Oltre alla già citata coppia d’attacco scandinava, si riconoscono i nuovi acquisti Juan Sebastian Veron, Glen Johnson (accosciati rispettivamente a destra e sinistra della foto). Wayne Bridge che tiene il gagliardetto. Geremi, il camerunense, alla sua destra e l’irlandese Duff alla sua sinistra. In piedi, ai lati di Forssell e Guðjohnsen, il portiere italiano CudiciniMarcel Desailly. Agli estremi, due campionissimi del Chelsea di Abramovich: John Terry e Frank Lampard Jr.

Il Chelsea sarebbe arrivato fino in semifinale, perdendo contro il Monaco di Deschamps, che aveva eliminato il Real Madrid e che si sarebbe arreso solo nella finalissima contro il Porto di José Mourinho. Un allenatore, quest’ultimo, che avrebbe avuto qualcosa da dire nella straordinaria storia del Chelsea con il magnate russo della Sibneft come proprietario. Di quella edizione, i tifosi dei Blues ricorderanno soprattutto il gol con il quale Wayne Bridge espugnò Highbury ai quarti di finale, nel derby londinese contro l’Arsenal degli Invincibles

Curiosamente, in quella gara fu un altro italiano a difendere i pali del Chelsea, a causa delle precarie condizioni di Cudicini: Marco Ambrosio, una vita da secondo o da titolare in cadetteria, che aveva cominciato la stagione come terzo portiere.
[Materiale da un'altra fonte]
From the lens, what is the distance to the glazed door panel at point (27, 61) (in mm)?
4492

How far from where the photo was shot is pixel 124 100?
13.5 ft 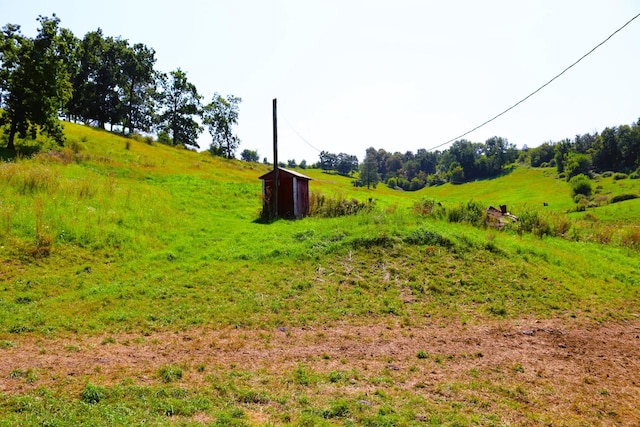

Di certo, un highlight che vale una carriera.

Un ciclo fra i più vincenti della storia del calcio europeo

Da proprietario, Roman Abramovich ha riportato il titolo in casa Chelsea nel 2005 (con José Mourinho), 50 anni dopo il primo. Ne sarebbero arrivati altri 4. Portando il computo totale del club a 6 (1955, 2005, 2006, 2010, 2015, 2017). Ma soprattutto, Abramovich avrebbe coronato il sogno di regalare ai tifosi Blues la Champions League per ben due volte. Nel 2012 (con Di Matteo allenatore e grazie all’eroico Drogba, contro il Bayern Monaco, ai rigori) e nell’ultima edizione, quella del 2021, nella finalissima contro il City di Guardiola, ingabbiato dalla maestria di Thomas Tuchel, che il patron russo incontrò per la prima volta (l’allenatore tedesco aveva sostituito Lampard solo in gennaio) proprio durante i festeggiamenti sul prato dello stadio do Dragão di Oporto.

Da non sottovalutare le due vittorie in Europa League (2013 e 2019). E quella, arrivata a inizio 2022, della FIFA Club World Cup. Oltre a cinque FA Cup, due League Cup e due Supercoppe d’Europa. Titoli che hanno reso i 19 anni di Abramovich alla guida del Chelsea, fra i più vincenti della storia del calcio europeo. Ci voleva una guerra, per fare in modo che il patron russo non fosse più gradito a Londra. Il tempo ci dirà quando i Blues verranno definitivamente ceduti. Come recita l’ultimo club statement, Abramovich ha deciso che gli incassi netti della cessione andranno a beneficio delle vittime della guerra in Ucraina. Un atto onorevole, per un uomo persino presente ai negoziati fra le parti in conflitto.

Una frase colpisce, inoltre: “vorrei tornare un’ultima volta a Stamford Bridge per salutarvi”, ha scritto sul sito ufficiale rivolgendosi ad addetti ai lavori e tifosi. Un uomo che ha sempre operato per il bene del club, ed è difficile sostenere il contrario.

A proposito di Londra. Quell’estate 2003, a Wimbledon, a trionfare per la prima volta fu un giovane svizzero, che avrebbe avuto qualcosa da dire nella storia del tennis. Immagino tutti conosciate il nome. Un altro tassello, nel puzzle di un’estate da ricordare.